Evidence Appraisal Data-Thon: A recap of our Open Data Day event

This blog has been reposted from Medium

This blog is part of the event report series on International Open Data Day 2018. On Saturday 3 March, groups from around the world organised over 400 events to celebrate, promote and spread the use of open data. 45 events received additional support through the Open Knowledge International mini-grants scheme, funded by Hivos, SPARC, Mapbox, the Hewlett Foundation and the UK Foreign & Commonwealth Office. The event in this blog was supported through the mini-grants scheme under the Open Research Data theme.

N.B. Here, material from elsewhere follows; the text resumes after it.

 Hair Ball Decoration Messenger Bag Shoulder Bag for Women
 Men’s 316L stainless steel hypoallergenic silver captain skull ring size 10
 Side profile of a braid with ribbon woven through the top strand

Research can save lives, reduce suffering, and help with scientific understanding. But research can also be unethical, unimportant, invalid, or poorly reported. These issues can harm health, waste scientific and health resources, and reduce trust in science. Differentiating good science from bad, therefore, has big implications. This is happening in the midst of broader discussions about differentiating good information from misinformation. Current controversy regarding political ‘fake news’ has specifically received significant recent attention. Public scientific misinformation and academic scientific misinformation also are published, much of it derived from low quality science.

EvidenceBase is a global, informal, voluntary organization aimed at boosting and starting tools and infrastructure that enhance scientific quality and usability. The critical appraisal of science is one of many mechanisms seeking to evaluate and clarify published science, and evidence appraisal is a key area of EvidenceBase’s work. On March 3rd we held an Open Data Day event to introduce the public to evidence appraisal and to explore and work on an open dataset of appraisals. We reached out to a network in NYC of data scientists, software developers, public health professionals, and clinicians and invited them and their interested friends (including any without health, science, or data training).

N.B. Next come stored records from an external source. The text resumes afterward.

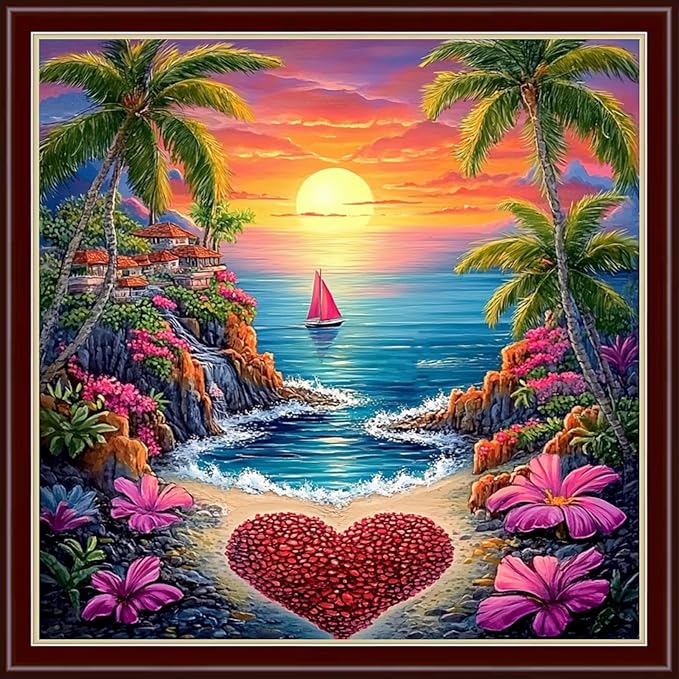 Dimensean Stamped Cross Stitch Kits Full Range of Embroidery Patterns Starter Kits for Beginners Adult or Kids DIY Cross Stitches Needlepoint Kits 11CT-Seaside Love 18x18 inch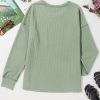 Women's Clearly Aqua Solid Color Corded Drop Shoulder Long Sleeve Top - Image 6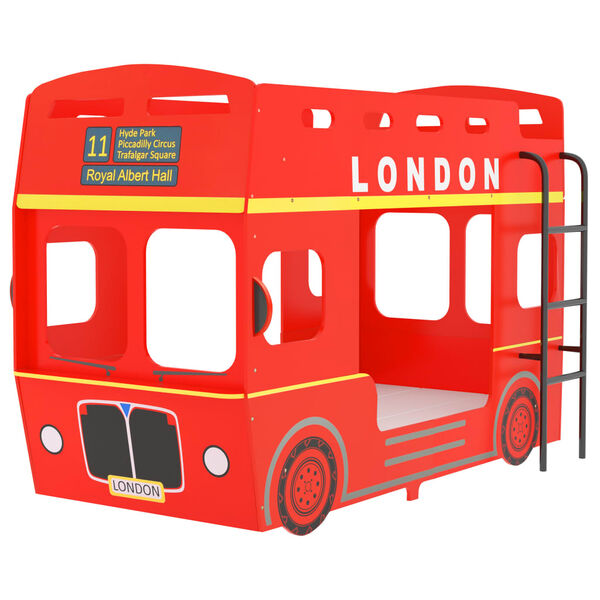 vidaXL Litera autobús de Londres MDF rojo 90x200 cm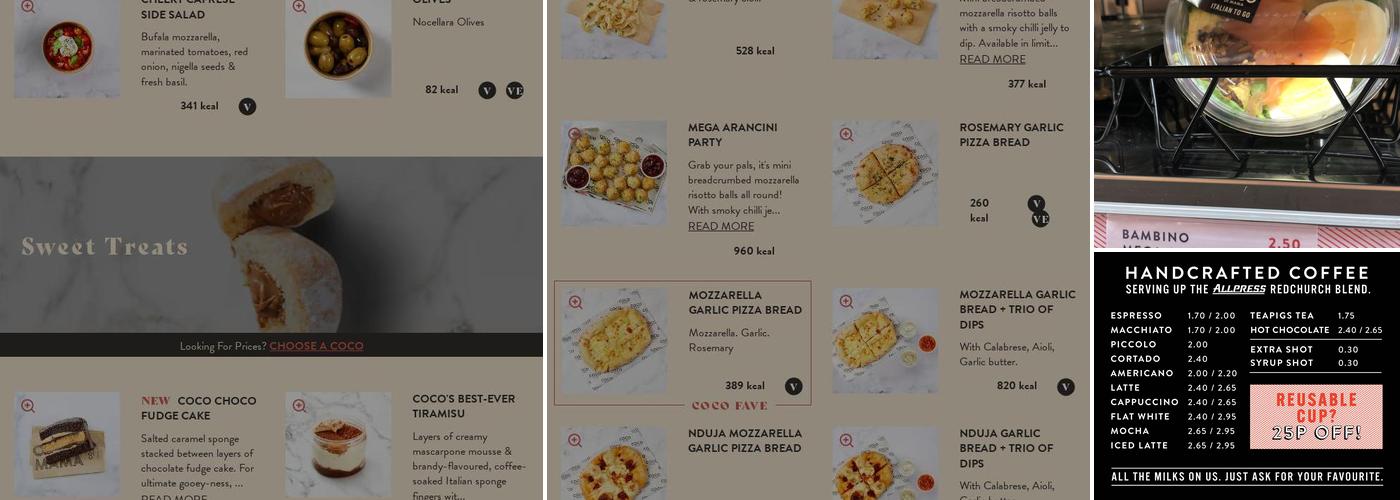 Coco di Mama - Italian To Go - Monument Menu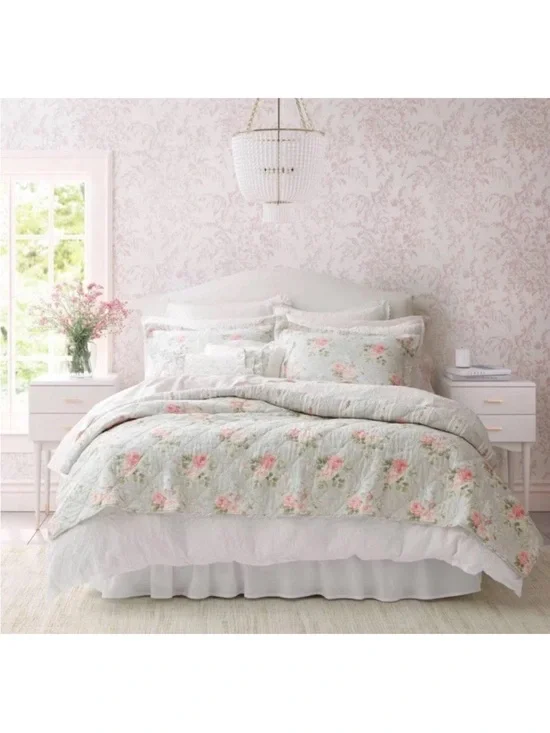 Laura Ashley ~ KING Melany Pink Rose Floral 3pc 100%Cotton Quilt Set Reversible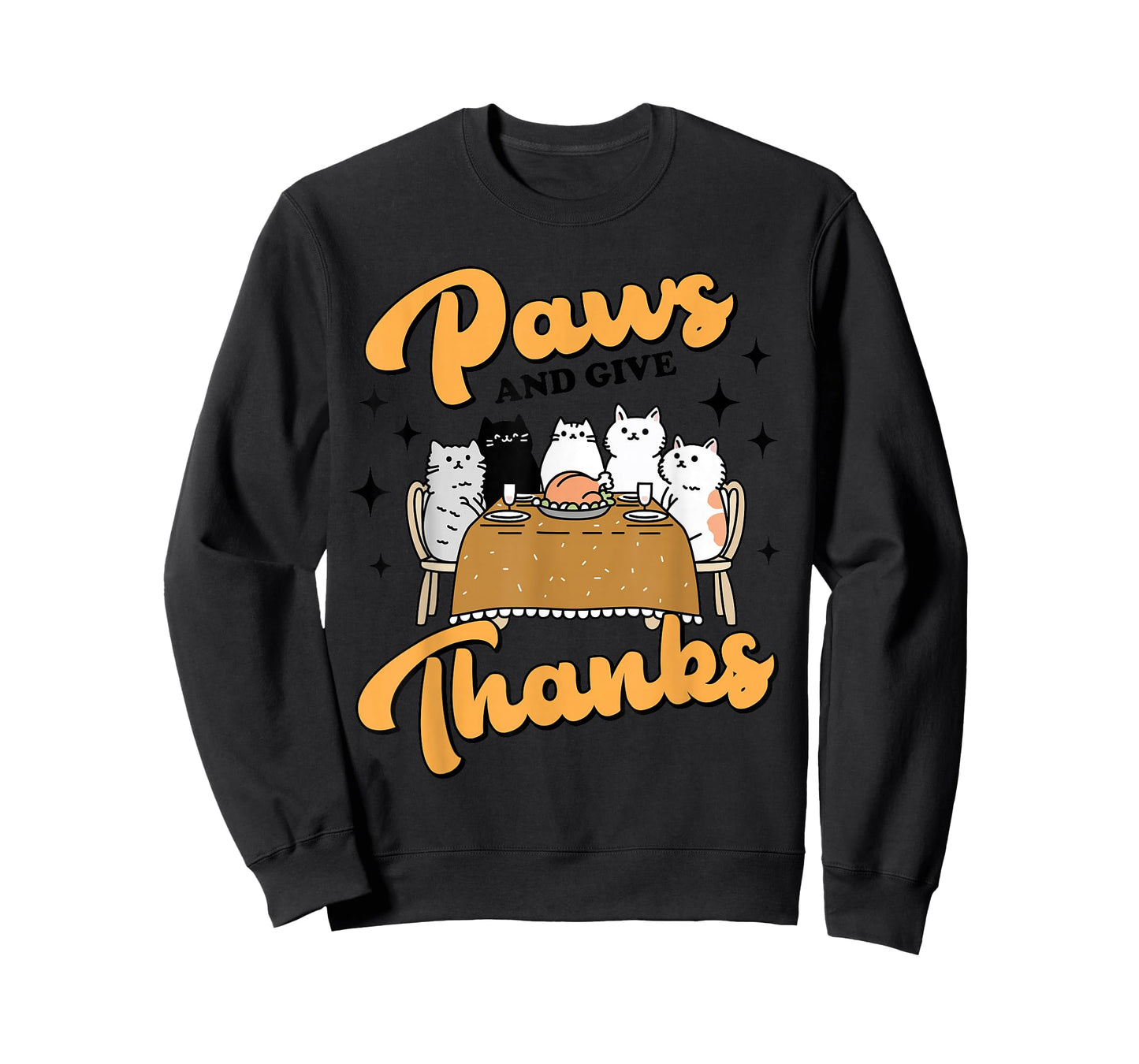 Thanksgiving Autumn Fall Kitty Cat Mom Paws and Give Thanks T-Shirt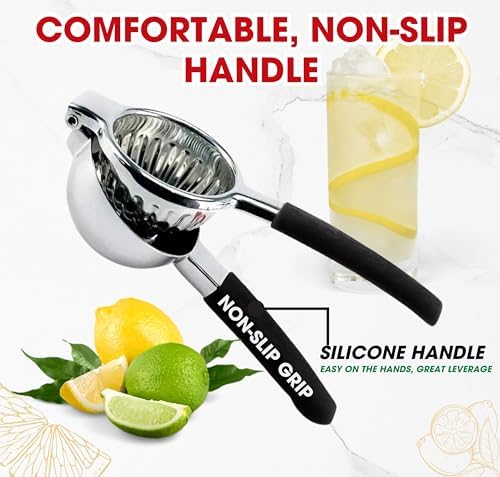 Handheld Lemon Squeezer Stainless Steel, Silicone Handle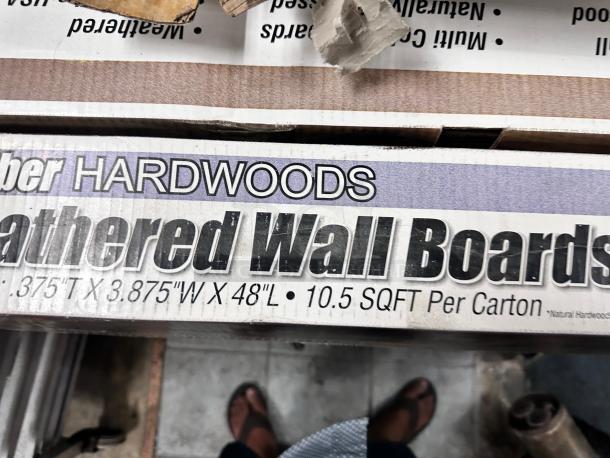 Weaber Hardwoods Weathered Wall Boards, multi-color, 3.75"x48", 10.5 sq. ft. per carton, distressed wood, Made in USA.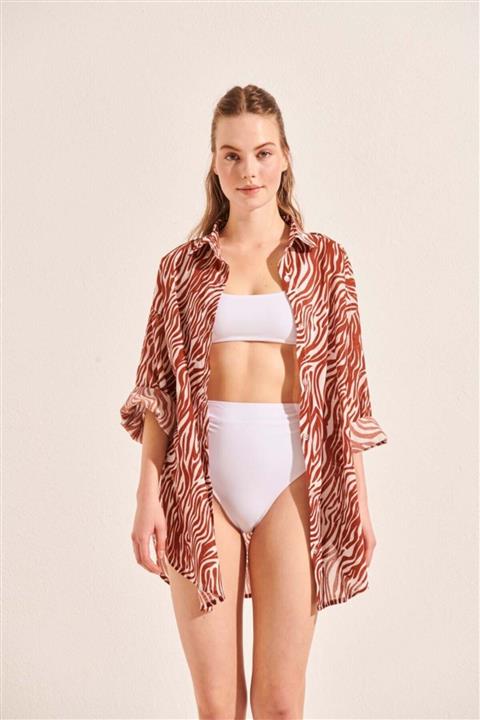 Beach&Beyond Kadın Zebra Oversize Plaj Gömlek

Our data came from the US’s National Library of Medicine’s PubMed and PubMed Central datasets. PubMed offers indexing, meta-data, and abstracts for biomedical publications and PubMed Central (PMC) offers full-text in pdf and/or xml. PMC has an open-access subset. We explored the portion of this subset that 1) was indexed in PubMed as a “journal comment” and 2) was a comment on a clinical trial. The structure of our 10 hour event was an initial session introducing the general areas of health trials, research issues, and open data and then the remainder of the day consisted of parallel groups tackling three areas: lay exploration and Q&A; dataset processing and word embedding development; and health expertise-guided manual exploration and annotation of comments. We had 2 data scientists, 4 trial experts, 3 physicians, 4 public health practitioners, 4 participants without background but with curiosity, and 1 infant. Our space was donated, and the food was provided from a mix of a grant from Open Data Day provided by SPARC and Open Knowledge International (thank you!) and voluntary participant donations.

On the dataset front, we leveraged the clinical trial and journal comment meta-data in PubMed, and the links between PubMed and PMC, and PMC’s open subset IDs to create a data subset that was solely journal comments on clinical trials that were in PMC’s open subset with xml data. Initial exploration of this subset for quality issues showed us that PubMed metadata tags misindex non-trials as trials and non-comments as comments. Further data curation will be needed. We did use it to create word embeddings and so some brief similarity-based expansion.

The domain experts reviewed trials in their area of expertise. Some participants manually extracted text fragments expressing a single appraisal assertion, and attempted to generalize the assertion for future structured knowledge representation work. Overall participants had a fun, productive, and educational time! From the standpoint of EvidenceBase, the event was a success and was interesting. We are mainly virtual and global, so this in person event was new for us, energizing, and helped forge new relationships for the future.

We also learned:

We can’t have too much on one person’s plate for logistics and for facilitation. Issues will happen (e.g. food cancellation last minute).
Curiosity abounds, and people are thirsty for meaningful and productive social interactions beyond their jobs. They just need to be invited, otherwise this potential group will not be involved.
Many people who have data science skills have jobs in industries they don’t love, they have a particular thirst to leverage their skills for good.
People without data science expertise but who have domain expertise are keen on exploring the data and offering insight. This can help make sense of it, and can help identify issues (e.g. data quality issues, synonyms, subfield-specific differences).
People with neither domain expertise nor data science skills still add vibrancy to these events, though the event organizers need more bandwidth to help orient and facilitate the involvement of these attendees.
Public research data sets are messy, and often require further subsetting or transformation to make them usable and high quality.
Open data might have license and accessibility barriers. For us, this resulted in a large reduction in journal comments with full-text vs. not, and of those with full-text, a further large reduction in those where the text was open-access and licensed for use in text mining.

We’ll be continuing to develop the data set and annotations started here, and we look forward to the next Open Data Day. We may even host a data event before then!